Cos’è oggi la complicità?

Il significato della parola “complicità” è abbastanza particolare:

partecipazione diretta o indiretta a un’azione illecita, a un reato.

Sono rimasta sbalordita da questa definizione, perché dà al termine “complicità” un significato prettamente negativo, criminale.

Nel mio cuore la complicità invece è assolutamente positiva, perché non la collego a un’azione illecita ma a un incontro d’anime, che dona ricchezza.

Dal punto di vista sentimentale la complicità è un’intesa profonda.

 La complicità è essere folli insieme.

È una sintonia che s’instaura tra esseri viventi, tra una mamma e il suo bimbo, tra due amiche, tra un ragazzo e il suo cane, tra colleghi, tra marito e moglie.

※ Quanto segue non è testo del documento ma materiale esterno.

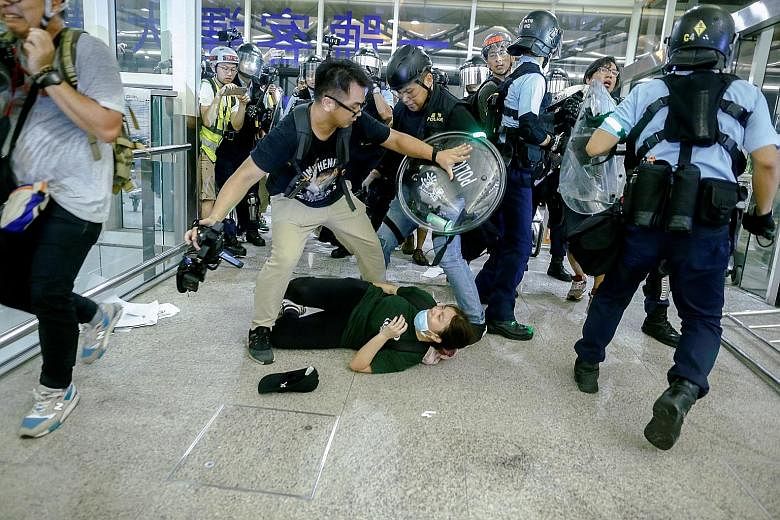 Above: A tourist passing her luggage to security guards as she tried to enter a departure gate yesterday amid another demonstration by anti-government protesters at Hong Kong International Airport. PHOTO: AGENCE FRANCE-PRESSE Right: Riot police tryin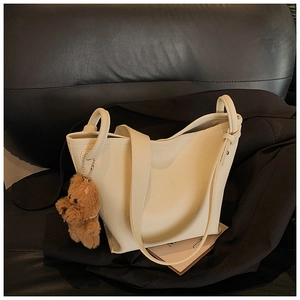 Detail of cream white pebbled leather bucket bag featuring a brown teddy bear pendant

Sono infinite le occasioni in cui possiamo ritrovare la complicità come occasione per generare benessere.

Sì perché la complicità fa bene.

Quando si diventa complici, ci sentiamo capiti, accolti, compresi, accettati.

Soddisfiamo i nostri bisogni di sicurezza e importanza.

Viaggiamo sulla stessa linea di pensiero con altre persone.

Si condividono gli stessi valori, le stesse idee.

La complicità crea armonia tra anime che danzano sulle note della stessa canzone.